Given information below:

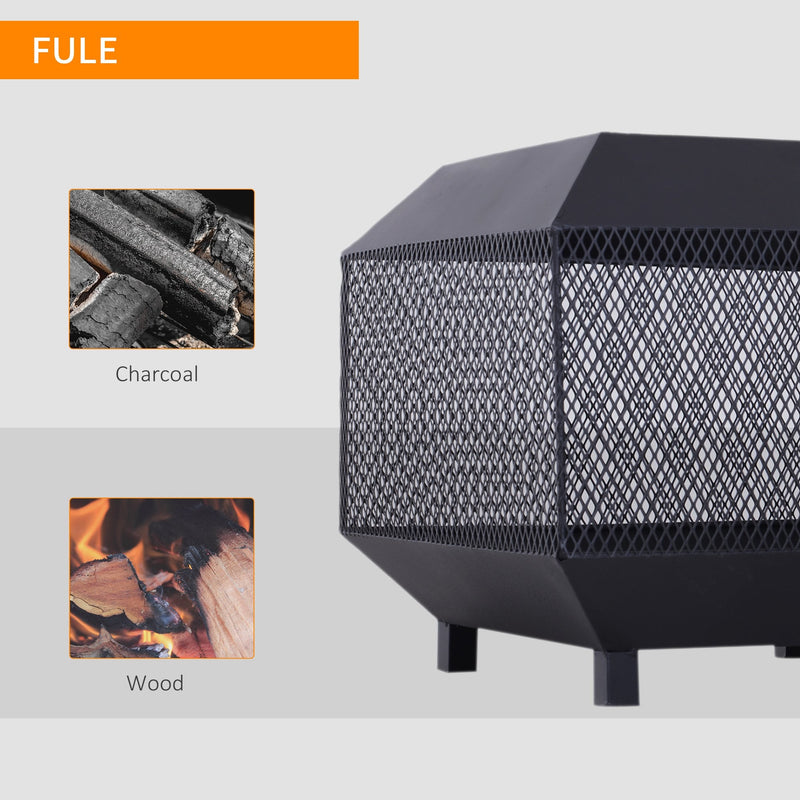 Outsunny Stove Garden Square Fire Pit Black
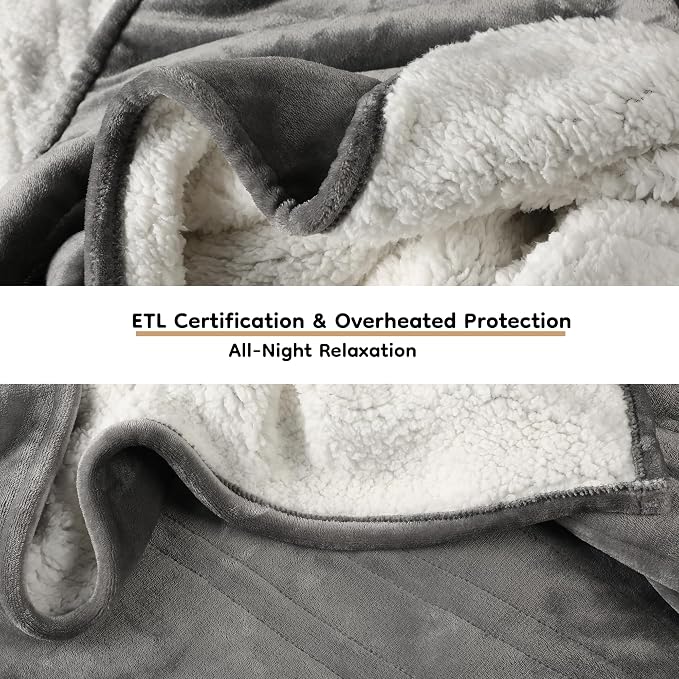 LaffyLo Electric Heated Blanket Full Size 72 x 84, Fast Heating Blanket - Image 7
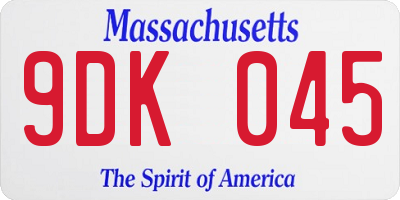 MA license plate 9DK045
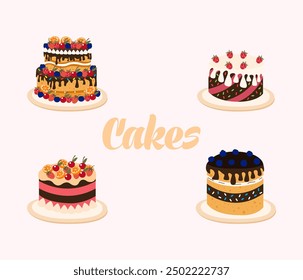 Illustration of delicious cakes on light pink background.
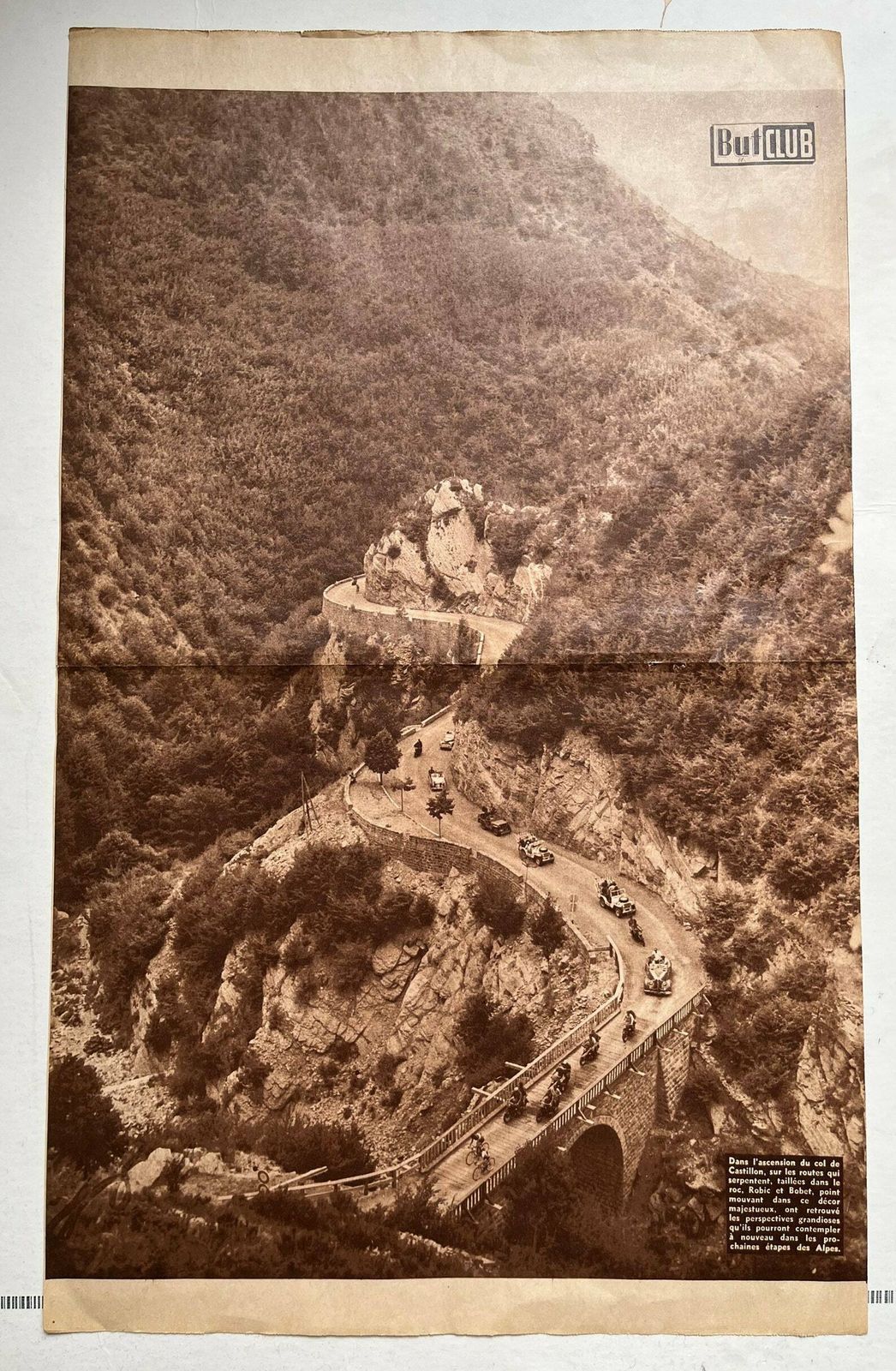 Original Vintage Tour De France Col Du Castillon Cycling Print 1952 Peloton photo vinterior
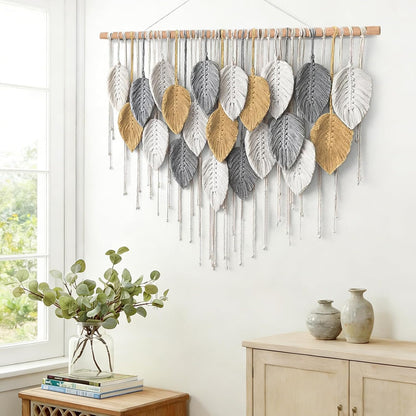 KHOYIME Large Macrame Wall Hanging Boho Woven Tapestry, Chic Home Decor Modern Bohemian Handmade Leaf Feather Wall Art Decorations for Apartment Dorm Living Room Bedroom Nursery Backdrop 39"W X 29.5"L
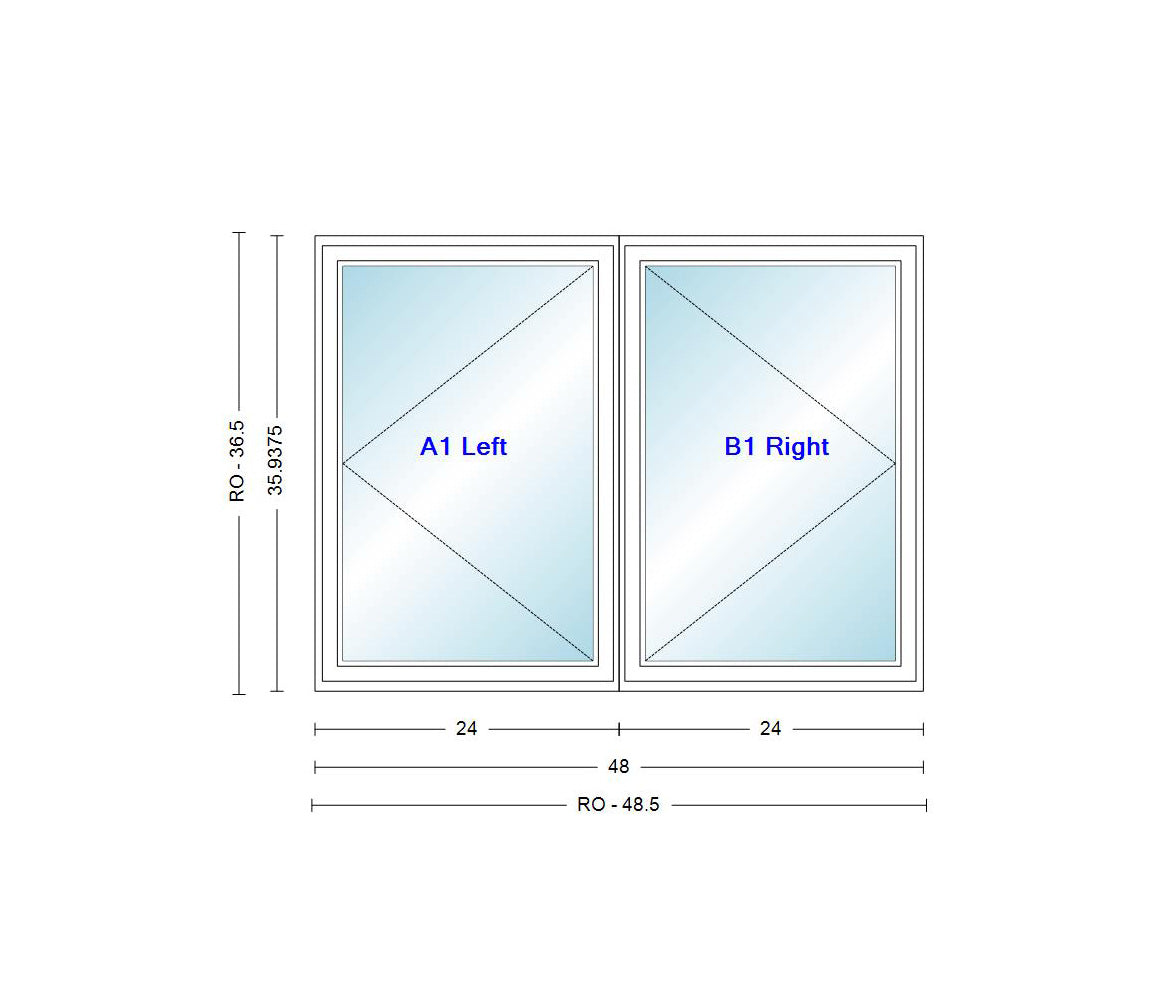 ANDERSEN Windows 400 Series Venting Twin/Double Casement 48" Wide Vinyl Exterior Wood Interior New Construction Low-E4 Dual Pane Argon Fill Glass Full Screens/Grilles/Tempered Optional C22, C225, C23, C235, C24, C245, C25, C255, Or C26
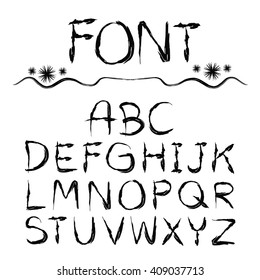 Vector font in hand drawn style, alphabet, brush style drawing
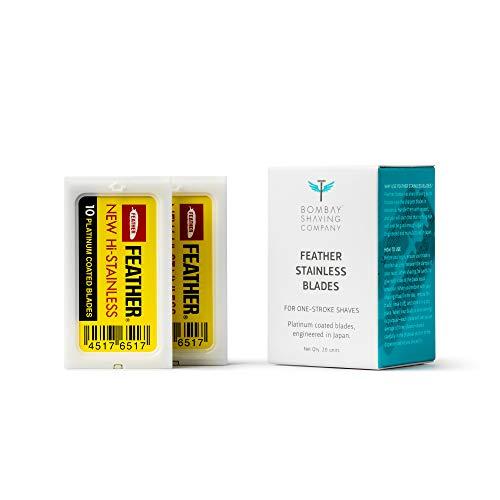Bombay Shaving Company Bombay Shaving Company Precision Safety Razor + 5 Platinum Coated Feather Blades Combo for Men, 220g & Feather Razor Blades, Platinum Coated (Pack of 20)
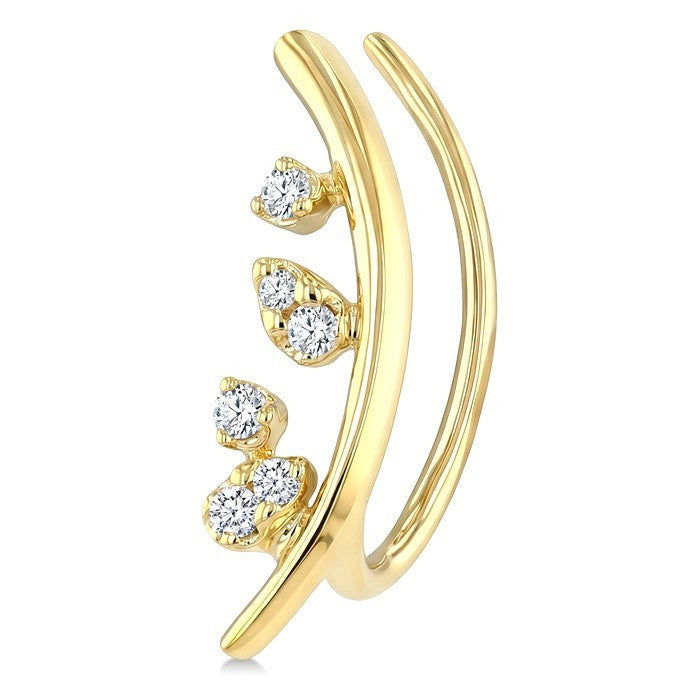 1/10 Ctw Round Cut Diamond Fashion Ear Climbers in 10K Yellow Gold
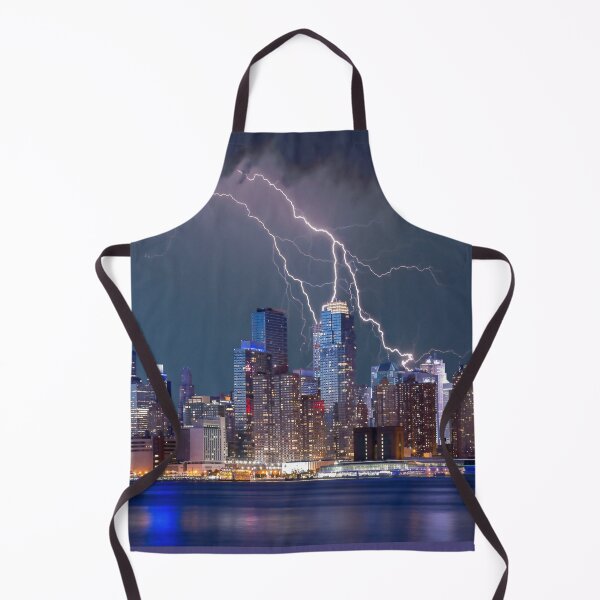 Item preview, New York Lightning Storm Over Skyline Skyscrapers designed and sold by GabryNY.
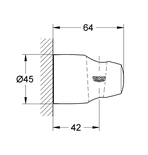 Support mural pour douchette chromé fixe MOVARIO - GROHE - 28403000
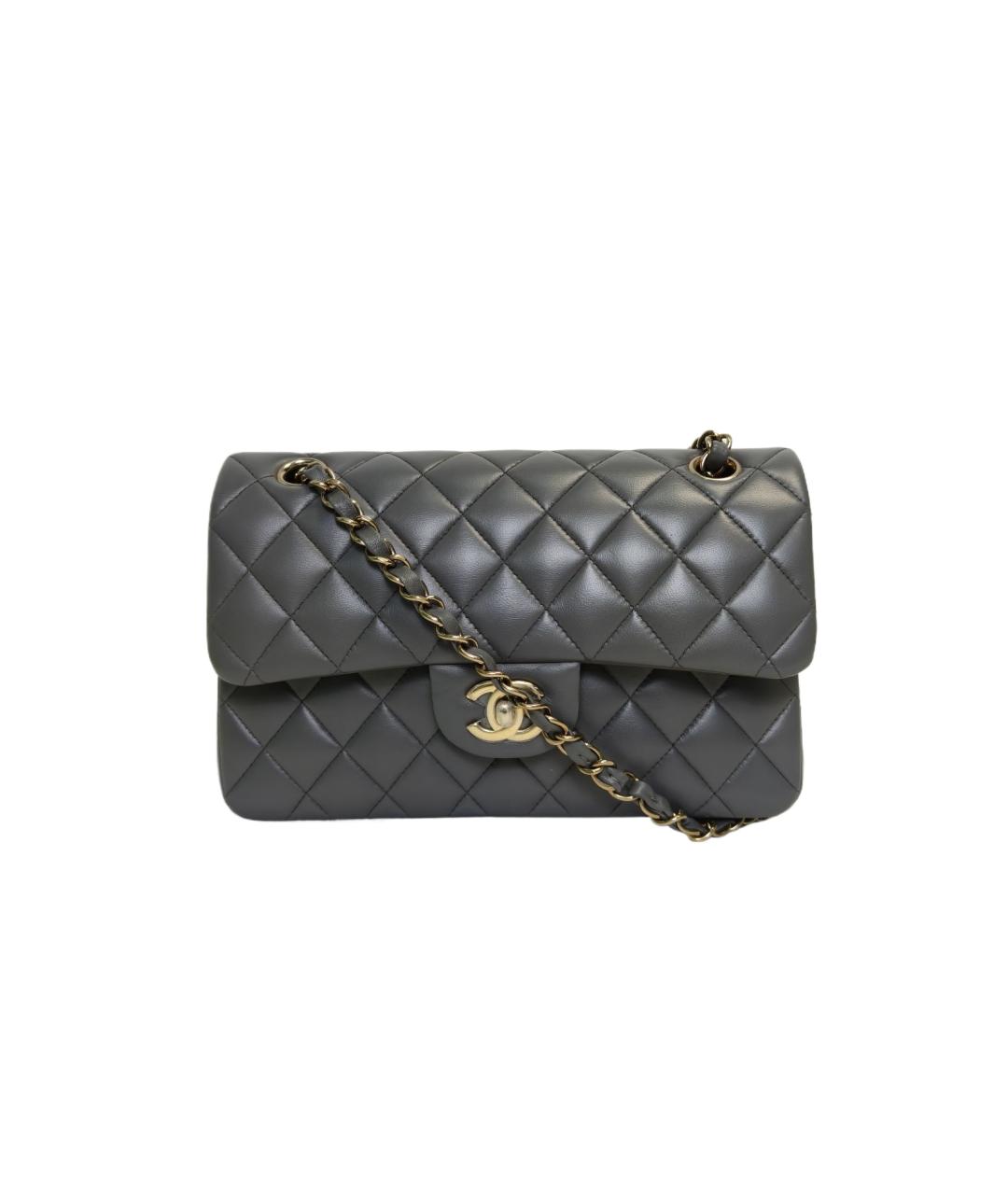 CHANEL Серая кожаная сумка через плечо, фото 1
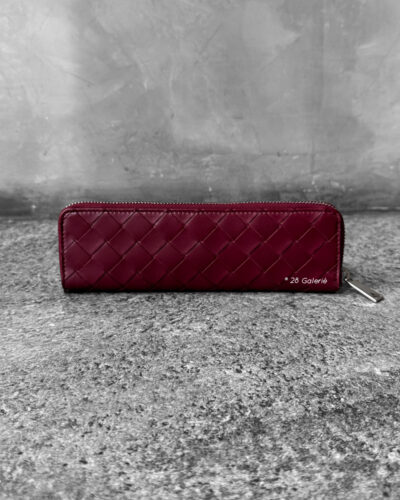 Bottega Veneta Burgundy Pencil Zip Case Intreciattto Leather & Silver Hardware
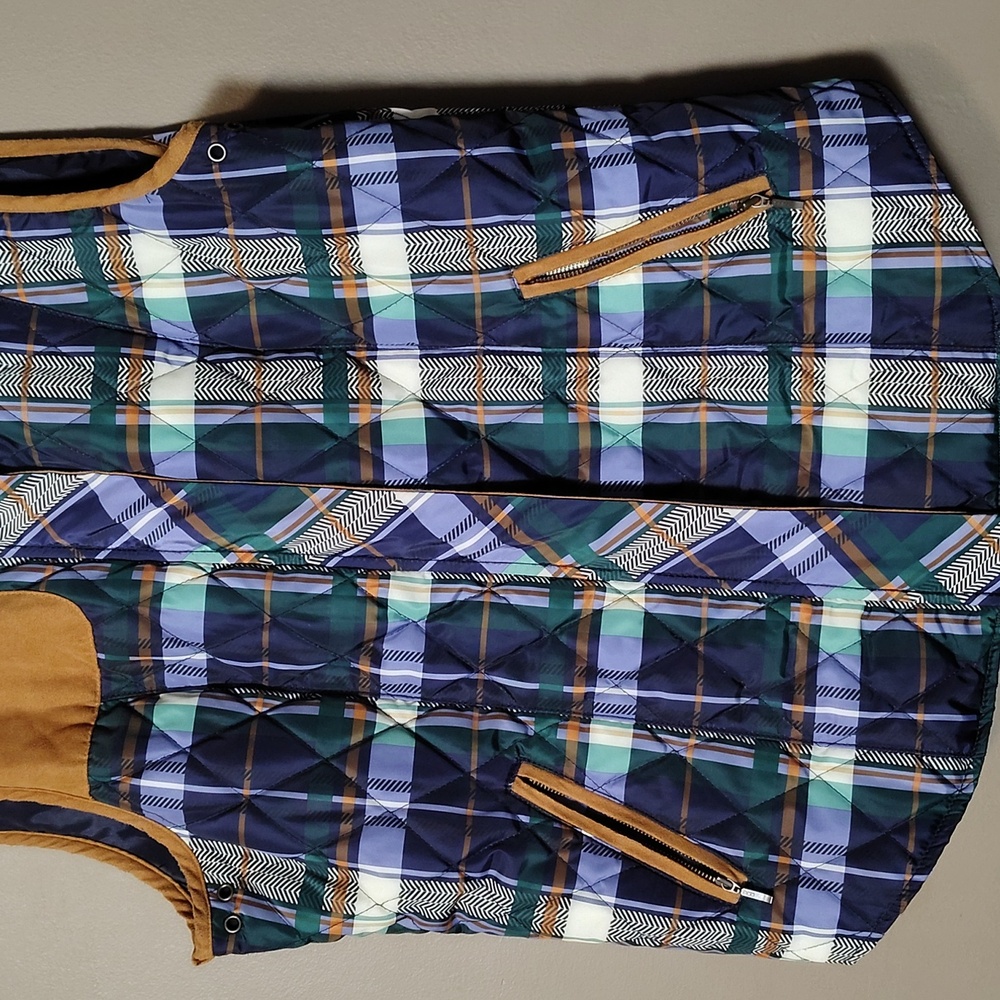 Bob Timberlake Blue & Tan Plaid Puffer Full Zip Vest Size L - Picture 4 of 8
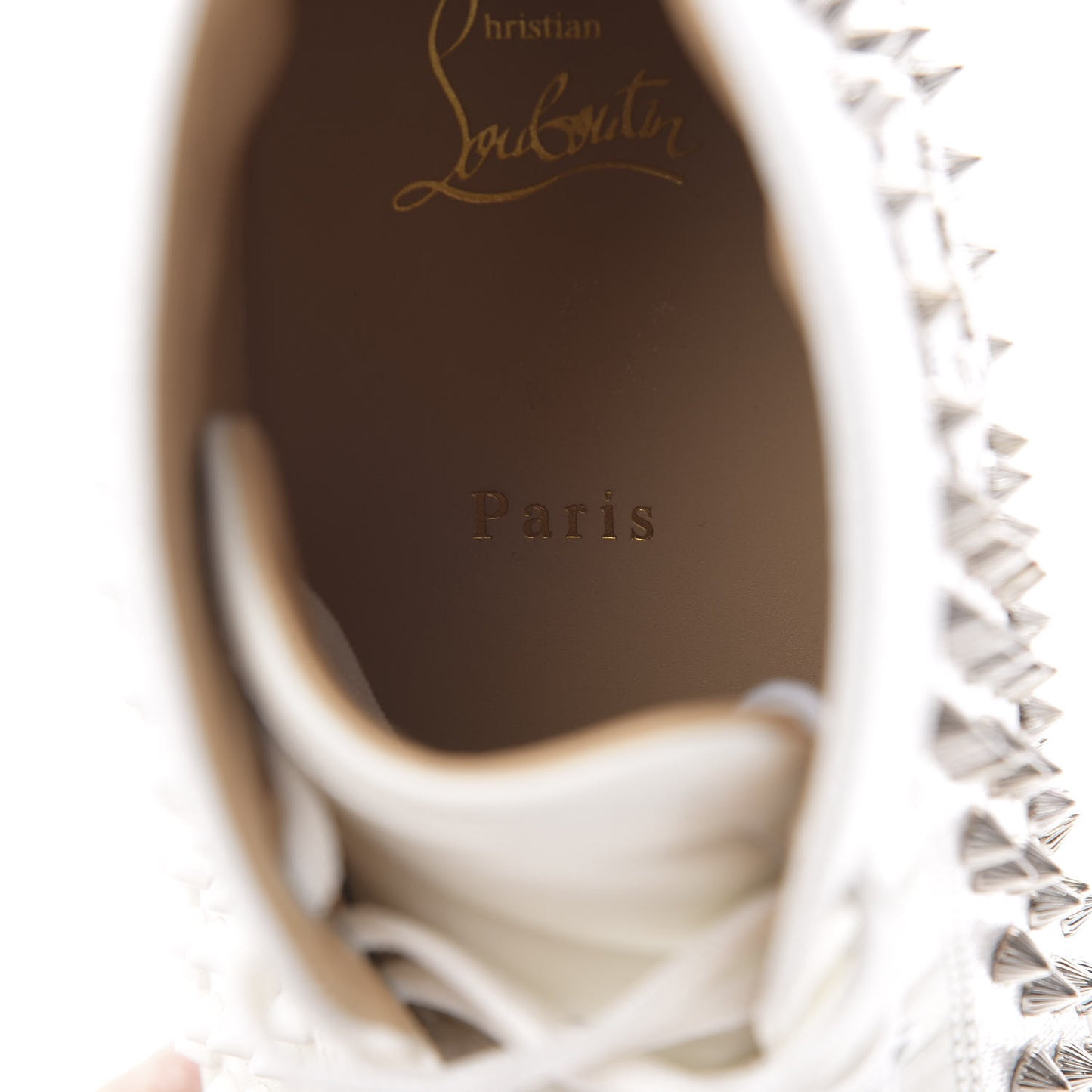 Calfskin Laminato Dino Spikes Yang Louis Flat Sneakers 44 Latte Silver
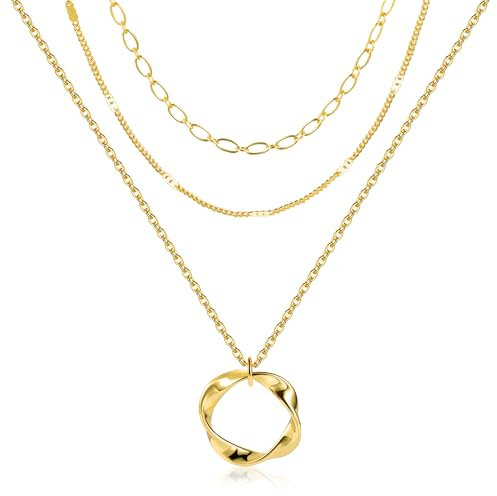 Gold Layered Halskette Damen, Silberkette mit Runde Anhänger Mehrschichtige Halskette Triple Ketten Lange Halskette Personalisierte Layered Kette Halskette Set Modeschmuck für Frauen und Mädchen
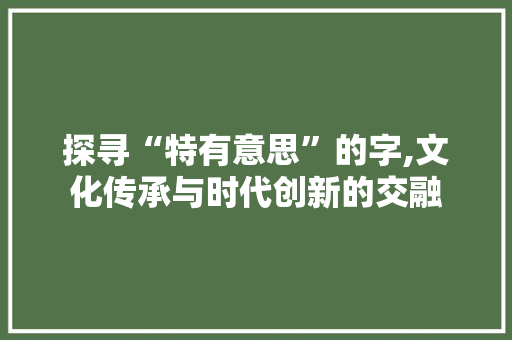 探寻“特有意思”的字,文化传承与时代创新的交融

End of Given information.

● Exercise
Starting at the line above that has "LaffyLo Electric Heated" and ending at the line that has "KHOYIME Large Macrame", copy each line exactly, leaving the pictures out and adding nothing.

● Answer space
 LaffyLo Electric Heated Blanket Full Size 72 x 84, Fast Heating Blanket - Image 7
 MA license plate 9DK045
 Illustration of delicious cakes on light pink background.
 Original Vintage Tour De France Col Du Castillon Cycling Print 1952 Peloton photo vinterior
 KHOYIME Large Macrame Wall Hanging Boho Woven Tapestry, Chic Home Decor Modern Bohemian Handmade Leaf Feather Wall Art Decorations for Apartment Dorm Living Room Bedroom Nursery Backdrop 39"W X 29.5"L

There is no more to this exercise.